# What to work on:
Return only the lines from the top of the material through the line marked by "KEDS x Kate", unaltered.

*** Opening Provided data ***

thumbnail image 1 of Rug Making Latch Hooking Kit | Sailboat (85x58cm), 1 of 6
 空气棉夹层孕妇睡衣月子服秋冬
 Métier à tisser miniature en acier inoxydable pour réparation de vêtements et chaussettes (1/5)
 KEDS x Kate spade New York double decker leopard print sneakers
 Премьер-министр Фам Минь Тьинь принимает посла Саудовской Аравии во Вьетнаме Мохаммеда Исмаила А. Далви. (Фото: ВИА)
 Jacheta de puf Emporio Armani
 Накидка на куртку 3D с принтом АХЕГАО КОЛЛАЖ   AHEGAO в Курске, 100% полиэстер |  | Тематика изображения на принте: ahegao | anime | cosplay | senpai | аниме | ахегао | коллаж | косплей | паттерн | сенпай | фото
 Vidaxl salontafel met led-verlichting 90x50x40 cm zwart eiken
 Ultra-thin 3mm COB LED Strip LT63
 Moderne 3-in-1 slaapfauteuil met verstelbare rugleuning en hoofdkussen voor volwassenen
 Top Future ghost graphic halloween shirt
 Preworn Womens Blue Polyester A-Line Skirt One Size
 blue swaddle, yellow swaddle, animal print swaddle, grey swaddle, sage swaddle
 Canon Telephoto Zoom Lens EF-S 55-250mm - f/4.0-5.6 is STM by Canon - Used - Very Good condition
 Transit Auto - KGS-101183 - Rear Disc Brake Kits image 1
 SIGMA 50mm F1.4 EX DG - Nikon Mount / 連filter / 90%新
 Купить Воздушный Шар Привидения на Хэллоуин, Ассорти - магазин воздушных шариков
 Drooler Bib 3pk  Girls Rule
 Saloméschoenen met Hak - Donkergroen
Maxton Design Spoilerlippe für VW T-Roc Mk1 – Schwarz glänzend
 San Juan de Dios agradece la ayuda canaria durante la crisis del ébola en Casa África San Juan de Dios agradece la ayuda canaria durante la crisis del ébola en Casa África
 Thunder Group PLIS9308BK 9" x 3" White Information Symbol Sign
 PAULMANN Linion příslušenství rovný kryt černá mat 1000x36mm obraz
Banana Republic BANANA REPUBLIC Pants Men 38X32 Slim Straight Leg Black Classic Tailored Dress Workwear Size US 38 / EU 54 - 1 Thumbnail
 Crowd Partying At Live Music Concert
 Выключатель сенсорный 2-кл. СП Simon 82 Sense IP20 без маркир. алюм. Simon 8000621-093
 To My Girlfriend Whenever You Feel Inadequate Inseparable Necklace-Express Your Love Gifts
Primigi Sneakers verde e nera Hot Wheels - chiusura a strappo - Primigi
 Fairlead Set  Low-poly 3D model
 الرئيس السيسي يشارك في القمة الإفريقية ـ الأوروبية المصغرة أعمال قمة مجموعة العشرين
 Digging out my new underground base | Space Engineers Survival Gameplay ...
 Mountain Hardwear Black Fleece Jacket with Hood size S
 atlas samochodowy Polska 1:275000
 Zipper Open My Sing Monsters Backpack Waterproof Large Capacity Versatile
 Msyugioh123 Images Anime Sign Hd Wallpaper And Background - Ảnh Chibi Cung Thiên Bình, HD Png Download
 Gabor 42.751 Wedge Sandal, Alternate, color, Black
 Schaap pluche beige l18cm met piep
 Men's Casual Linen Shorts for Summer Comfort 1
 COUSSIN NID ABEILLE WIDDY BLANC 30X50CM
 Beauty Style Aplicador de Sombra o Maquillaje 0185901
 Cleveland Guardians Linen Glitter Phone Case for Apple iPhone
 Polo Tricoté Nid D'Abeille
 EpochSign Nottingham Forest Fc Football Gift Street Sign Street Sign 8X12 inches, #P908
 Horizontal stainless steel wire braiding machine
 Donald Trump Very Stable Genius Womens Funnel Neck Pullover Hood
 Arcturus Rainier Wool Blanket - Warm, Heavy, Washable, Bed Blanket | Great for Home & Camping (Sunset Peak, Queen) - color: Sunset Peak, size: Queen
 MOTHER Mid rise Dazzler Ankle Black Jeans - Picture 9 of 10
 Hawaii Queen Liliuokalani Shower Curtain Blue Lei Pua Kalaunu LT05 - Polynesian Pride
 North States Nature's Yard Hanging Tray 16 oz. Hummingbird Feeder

*** Closing Provided data ***

# Exercise solution:
thumbnail image 1 of Rug Making Latch Hooking Kit | Sailboat (85x58cm), 1 of 6
 空气棉夹层孕妇睡衣月子服秋冬
 Métier à tisser miniature en acier inoxydable pour réparation de vêtements et chaussettes (1/5)
 KEDS x Kate spade New York double decker leopard print sneakers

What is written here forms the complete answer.